One wall is my evangelical Christian wall. Yes, Jesus Christ is Lord and He has made me His. I'm an evangelical Christian of the warm-hearted/soft-headed Methodist sort. That wall is permeable, however. Somehow, in His grace, my Lord reached through it to claim me for the community of faith. It is a faith of semitic origin, as He was. Anti-semites need beware. My wall tells me that I am - with my Muslim, Jewish, and Christian sisters and brothers - a child of Abraham and the covenant of faith.

Another is my Southern wall. Born and bred in the South, I am heir to its pre-occupations and its conceits. We were poor white Southerners, the sort who spawned Abraham Lincoln, though some disowned him in 1861. My cousins are white, and brown, and black. I know who I am, in part, because their contentious presence reminds me. Like many of theirs, my grandparents were ill-educated. One grandfather could only write his name, learned to read only after marriage at 33, and then only by pronouncing the words out loud. He would be proud of my doctorate, as I was proud of his rendition of"Old Dan Tucker."

Ol' Dan Tucker was a mighty man;
He washed his face in a frying pan;
He combed his hair with a wagon wheel,
And died with a toothache in his heel.

So, git out the way, ol' Dan Tucker,
Git out the way, ol' Dan Tucker,
Git out the way, ol' Dan Tucker,
You're too late to get your supper.

Like much of our folklore, the origin of granddaddy's song is obscured by rival accounts. A version holding that Dan Tucker was a miner in California's gold rush of 1849 seems unlikely, since the 19th century minstrel Daniel Decatur Emmett arranged and published the song in 1843. But how do you chose between the claim that Dan Tucker was an Englishman, born in 1714, who became a farmer in Randolph County, North Carolina, and the claim that he was a Virginian, born in 1740, who became a Methodist minister in Elbert County, Georgia? Like Georgia's Dan Tucker, I am a Methodist clergyman. Georgia's version holds that the folk lyric was first sung by slaves to whom Tucker often preached. If that is so, my granddaddy, who was named for Nathan Bedford Forrest, a founder of the KKK, sang their words with glee.
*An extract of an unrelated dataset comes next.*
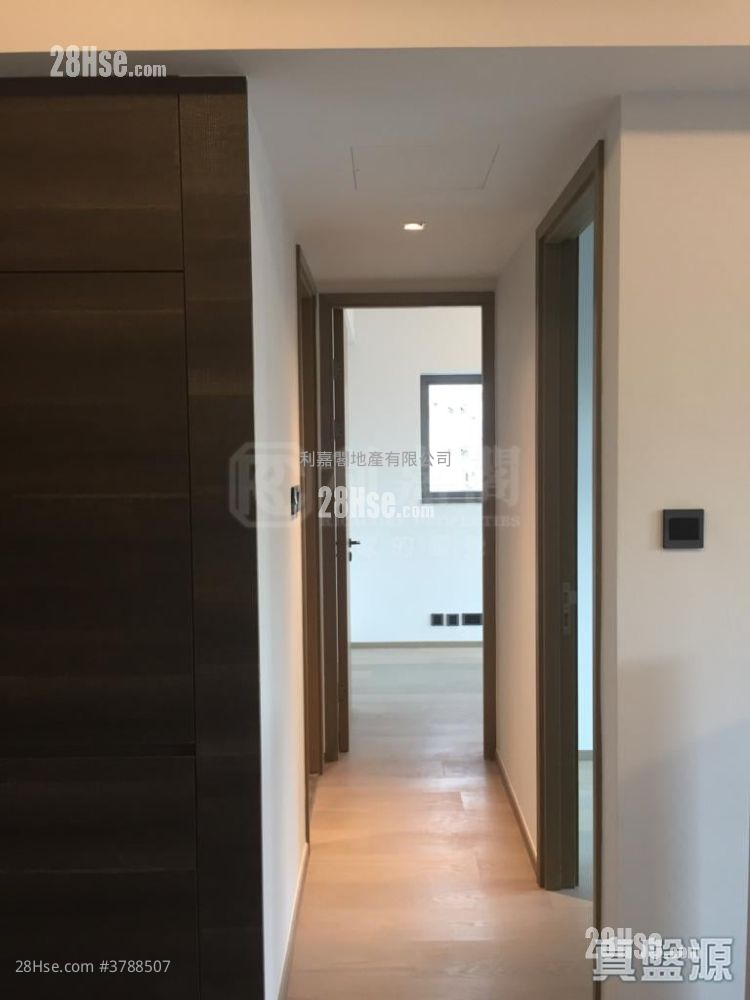 Phase 1B Of The Campton Sell 2 Bedrooms 462 ft²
Which brings me to my Republican wall. Like most self-respecting white Southerners in 1893, granddaddy was a Democrat. He went to work on the L & N Railroad, went on strike with the railway workers, and never returned to work there. He blamed Grover Cleveland for the depression of the 1890s and never voted for another Democrat, right through the depression of the 1930s. The other branch of our family were German Protestants, who became Republicans, as German Catholics became Democrats. So, voting for Democrats was heresy in my Southern family and I was raised a Republican. We were"progressive Republicans," admirers of Theodore, not Franklin, Roosevelt. I heard Father Abraham callin' my name. Called me a radical Republican. Called me a left wing Republican. When Dixiecrats started calling themselves"Republicans" in the 1960s, I did not welcome their thieving our ancient heritage.

That is because my closet's fourth wall is its"freedom wall." Inscribed on it are the names of Martin Luther King, James Chaney, Andrew Schwerner, and more, too many to name. They lost their lives to make my closet -- my South, my America, my world - a better place. I joined the movement in North Carolina and later saw action in Georgia and Alabama. Mine was a minor role in the movement, but enough to get me shot at, fire bombed, and put in the slammer more than once. Mom and dad had spawned a jail bird. Only the passing years made it respectable. My freedom wall is dedicated to the destruction of impermeable walls of injustice.

So,"Welcome to my world ...," my closet. Its evangelical Christian, Southern, Republican, and civil rights activist walls certainly have their tensions. If they offend you, the internet highway is an open road. But my closet's walls are permeable, its library is spacious, and there are important things to talk about.